- _What to produce_
Copy verbatim the span of lines beginning at the line that contains "Donuts Aquamarine Geburtstagskarte" and ending with the final line of the data. Exclude pictures from the copy.

- _Data excerpt_
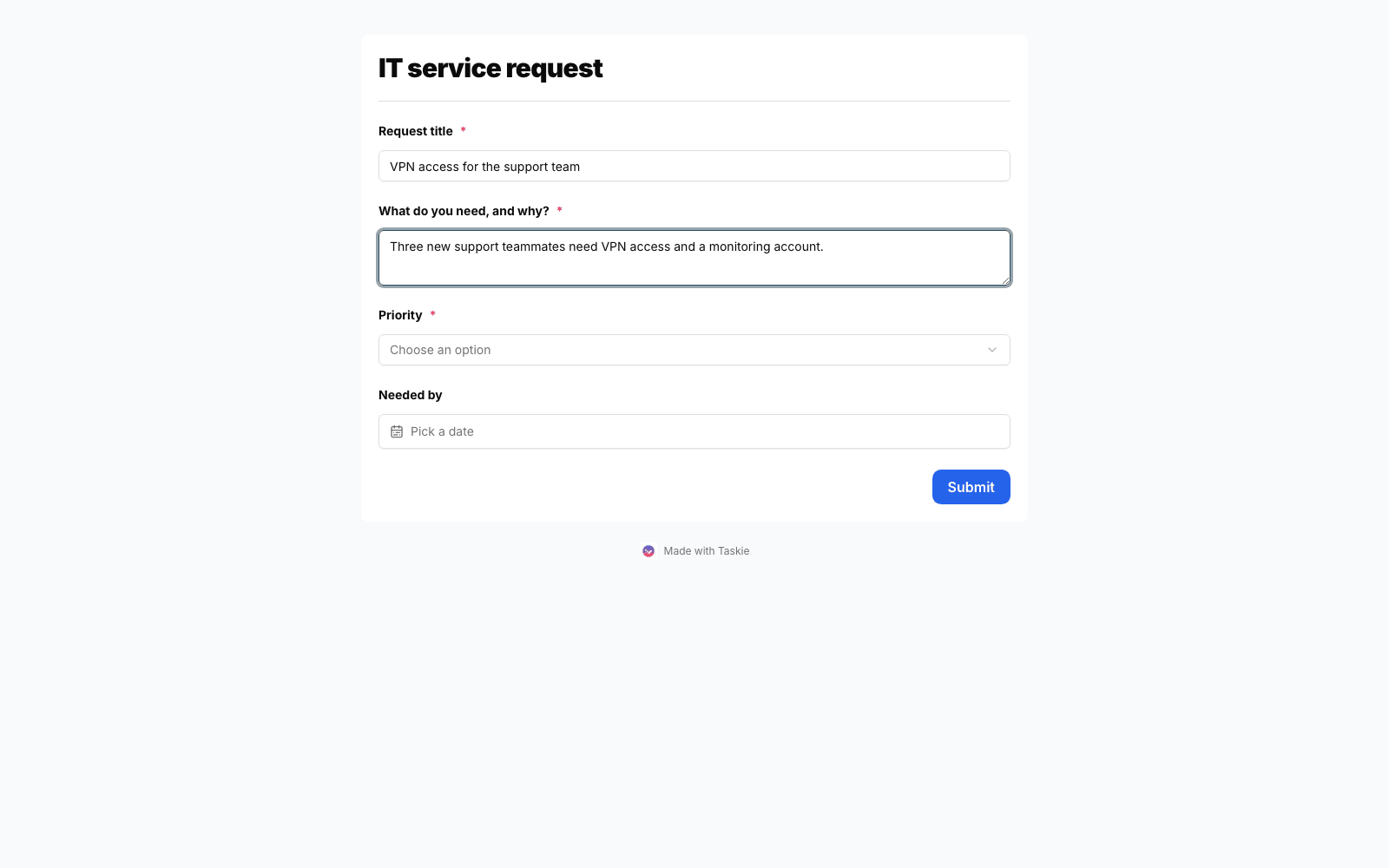 An IT request form in Taskie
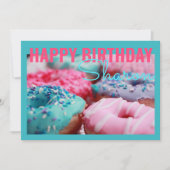 Donuts Aquamarine Geburtstagskarte Karte (Vorderseite)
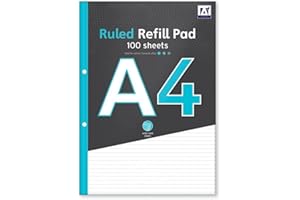 CELINO MAKING YOUR DAY A4 Refill Pad Ruled 200 Pages Margin Lined Writing Note Book Punched Holes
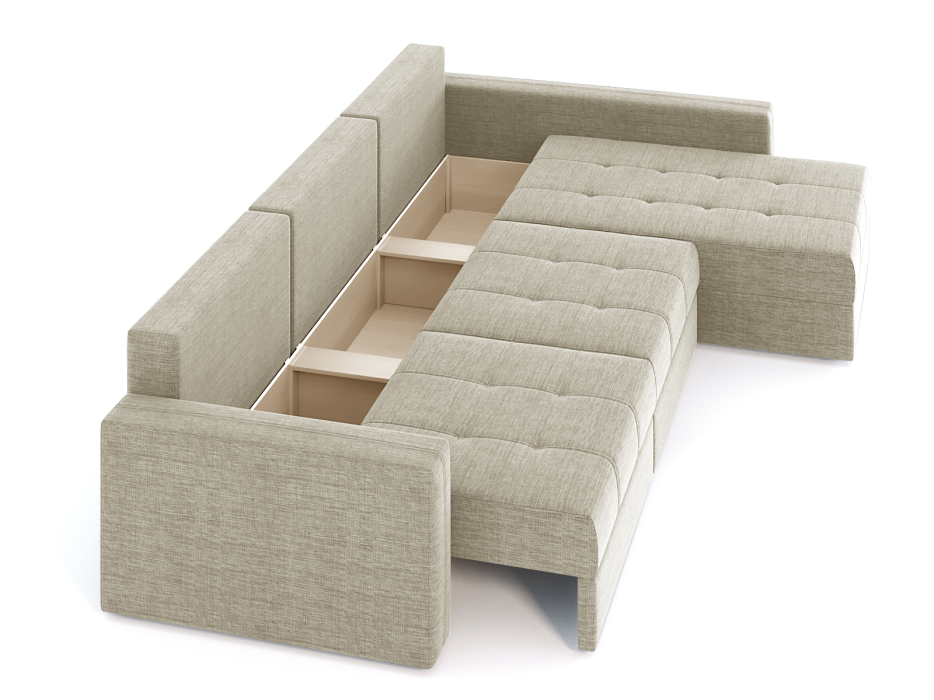 Диваны угловые в гостиную, Диван-кровать угловой Брест 3 секции еврокнижка, рогожка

- _Finished task_
 Donuts Aquamarine Geburtstagskarte Karte (Vorderseite)
 CELINO MAKING YOUR DAY A4 Refill Pad Ruled 200 Pages Margin Lined Writing Note Book Punched Holes
 Диваны угловые в гостиную, Диван-кровать угловой Брест 3 секции еврокнижка, рогожка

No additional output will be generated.